NINA: I thought it was very interesting, in a move that is potentially uncomfortable for a Western audience, and maybe even for a Japanese audience, I don’t know--we’re clearly meant to be sympathetic to the Zeon cause--

THOM: Mm-hmm.

NINA: --but they also look like a--

THOM: Nazis?

NINA: --an analogue for--

THOM: They look like Nazis?

NINA: Yeah, or even like World War 1-era Prussians. It’s sort of a combination.

THOM: Right, they have that, they’re sort of too dressed-up to be Nazis?

NINA: Right.

THOM: Especially the commanders, like Char.

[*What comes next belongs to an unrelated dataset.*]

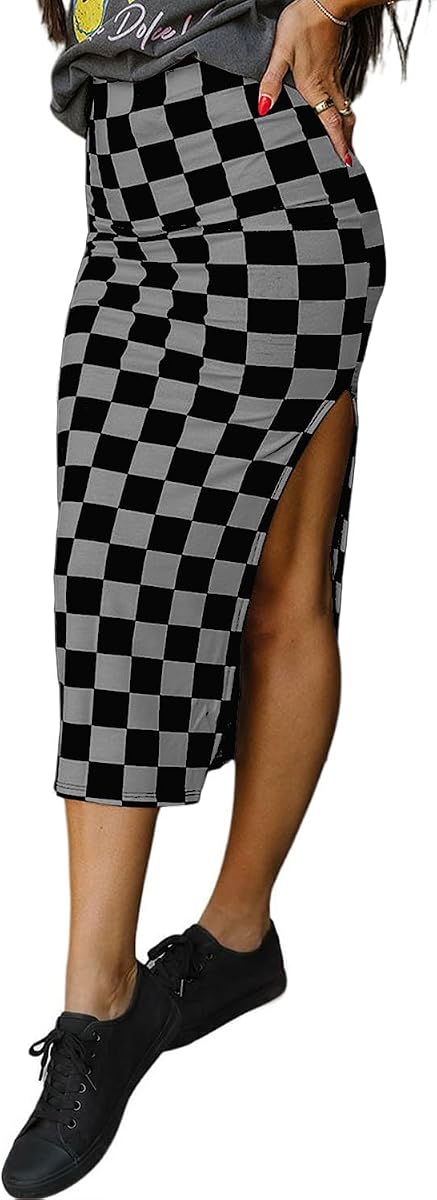 EARKOHA Falda midi con abertura a cuadros para mujer, faldas largas bodycon de verano y otoño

NINA: With all the braid--

THOM: Mm-hmm

NINA: --and all the decorative everything on the uniforms. Well, and the uniforms feel like throwbacks--

THOM: Mm-hmm

NINA: --compared to the Federation. The technology looks like throwbacks. It’s less sharp lined, it’s less modern-looking. The colors are more camo and less bright and shiny. We’ve got some cool pictures that we can post in the show notes, but the design of the Zaku looks like old equipment--

THOM: Mm-hmm

NINA: from, was it World War 2?

THOM: It was yeah, well, sort of--

NINA: [laughs]

THOM: This was--I found a picture of some, what were essentially Japanese marines during the invasion of China, specifically during attacks on Shang-hai, and the equipment that these marines wear during chemical weapons attacks looks almost identical to the Zaku’s sort of helmet and breather apparatus design, and they carried a machine gun that looks pretty similar to the one that the Zaku use, and I don’t know if that was a conscious allusion, but I strongly suspect that it was, and there’s some reasoning for that that I think we’ll explain later when we talk more about the colony drop and when we talk more about the Zaku.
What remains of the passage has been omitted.